On Wednesday, Kerry warned Israel's ongoing settlement growth is threatening the prospect of a final peace deal with the Palestinians -- the so-called two-state solution.
- What is the two-state solution?
The idea dates back to 1947, a year before the creation of Israel, when the United Nations voted for partition of the land then known as British Mandate Palestine into two states -- one Jewish in nature and the other Arab.
After a war in 1967 Israel seized control of much of the Arab land, the largest part being the West Bank.
In the early 1990s peace talks led to the Oslo accords, which were meant to lead to an independent Palestinian state on the rough basis of the U.N. lines. However the state has failed to materialize, with the two sides trading blame.
In the meantime Israel has built dozens of settlements in the West Bank, with more than 400,000 Israelis now living in them, while around 2.6 million Palestinians live in the same territory.
They are seen as a major obstacle to peace and last week a U.N. Security Council resolution condemning settlements passed 14-0 after the United States unusually decided not to use its veto.

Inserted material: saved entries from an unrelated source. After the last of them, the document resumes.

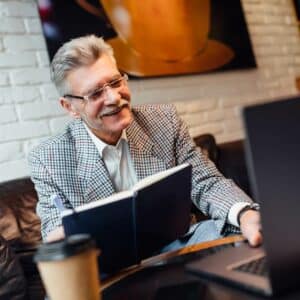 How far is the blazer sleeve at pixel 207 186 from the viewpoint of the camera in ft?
4.12

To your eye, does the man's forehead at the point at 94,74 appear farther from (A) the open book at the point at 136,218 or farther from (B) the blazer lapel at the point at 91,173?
(A) the open book at the point at 136,218

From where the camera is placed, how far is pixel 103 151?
4.71ft

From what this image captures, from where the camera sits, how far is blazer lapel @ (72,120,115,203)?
134 centimetres

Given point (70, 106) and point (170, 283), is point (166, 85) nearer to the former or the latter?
point (70, 106)

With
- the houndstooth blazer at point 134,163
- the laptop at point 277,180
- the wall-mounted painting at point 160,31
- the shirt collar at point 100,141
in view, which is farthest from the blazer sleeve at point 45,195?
the wall-mounted painting at point 160,31

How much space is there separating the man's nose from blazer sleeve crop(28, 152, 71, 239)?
0.26 m

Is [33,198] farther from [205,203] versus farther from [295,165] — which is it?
[295,165]

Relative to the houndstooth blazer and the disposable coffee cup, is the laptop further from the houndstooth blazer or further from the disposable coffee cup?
the houndstooth blazer

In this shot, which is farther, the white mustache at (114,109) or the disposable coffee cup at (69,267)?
the white mustache at (114,109)

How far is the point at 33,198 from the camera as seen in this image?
1.81m

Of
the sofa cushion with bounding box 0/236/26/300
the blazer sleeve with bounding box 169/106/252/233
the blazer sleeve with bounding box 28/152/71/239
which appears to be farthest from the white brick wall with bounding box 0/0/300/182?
the blazer sleeve with bounding box 28/152/71/239

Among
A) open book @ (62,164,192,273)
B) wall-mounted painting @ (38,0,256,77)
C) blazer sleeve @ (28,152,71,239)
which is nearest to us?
open book @ (62,164,192,273)

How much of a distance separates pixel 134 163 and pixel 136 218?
462 millimetres

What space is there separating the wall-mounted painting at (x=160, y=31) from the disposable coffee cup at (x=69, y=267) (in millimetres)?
1478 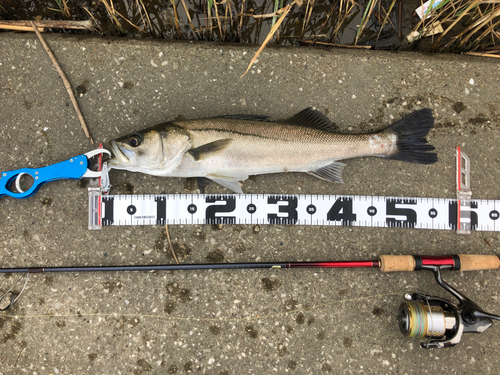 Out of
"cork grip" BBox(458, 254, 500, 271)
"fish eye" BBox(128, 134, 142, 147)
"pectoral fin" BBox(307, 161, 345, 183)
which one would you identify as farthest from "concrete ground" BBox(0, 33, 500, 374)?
"fish eye" BBox(128, 134, 142, 147)

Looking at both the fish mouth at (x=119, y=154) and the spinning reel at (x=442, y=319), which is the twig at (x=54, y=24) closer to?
the fish mouth at (x=119, y=154)

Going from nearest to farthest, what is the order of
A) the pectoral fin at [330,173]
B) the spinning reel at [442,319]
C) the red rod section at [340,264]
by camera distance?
the spinning reel at [442,319]
the red rod section at [340,264]
the pectoral fin at [330,173]

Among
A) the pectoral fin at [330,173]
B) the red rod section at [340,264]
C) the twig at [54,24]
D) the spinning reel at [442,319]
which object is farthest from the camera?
the twig at [54,24]

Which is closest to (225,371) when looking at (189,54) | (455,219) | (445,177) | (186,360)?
(186,360)

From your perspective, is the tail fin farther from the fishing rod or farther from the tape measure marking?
the fishing rod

- Are both sides still committed?
Officially Prime Minister Benjamin Netanyahu says he is still committed to the two-state solution but has also said his government, seen as the most right-wing in Israel's history, is the most pro-settlement ever.
Education Minister Naftali Bennett, head of the far right Jewish Home party, has led the charge against the two state solution -- calling for annexation of most of the West Bank, which would effectively render a Palestinian state impossible.
On the Palestinian side, President Mahmoud Abbas is committed to the idea of two states and has backed a French peace initiative.
The Palestinian people appear increasingly skeptical -- a poll this month found nearly two-thirds no longer believe the two-state solution as viable.
The second part of the Palestinian territory, the Gaza Strip, is run by Islamist movement Hamas -- which refuses to recognize Israel.
- Can negotiations restart?
A Kerry-led peace initiative collapsed in 2014 and negotiations have been at a standstill since.
Netanyahu says he is willing to hold bilateral talks with Abbas any time without preconditions but the Palestinians demand a suspension of settlement building beforehand, a claim Abbas reiterated Wednesday.
The Israel government also demands that the Palestinians recognize Israel specifically as a Jewish state.
For the Palestinians, doing so could preempt negotiations on the so-called right of return, the demand that Palestinian refugees from the time of Israel's creation in 1948 be allowed back under a peace deal.
France plans to hold an international peace conference on January 15 including some 70 nations with the aim of setting out a plan for restarting negotiations.
Israel opposes the conference and calls for direct talks. The Palestinians support it, saying years of negotiations have not ended the occupation.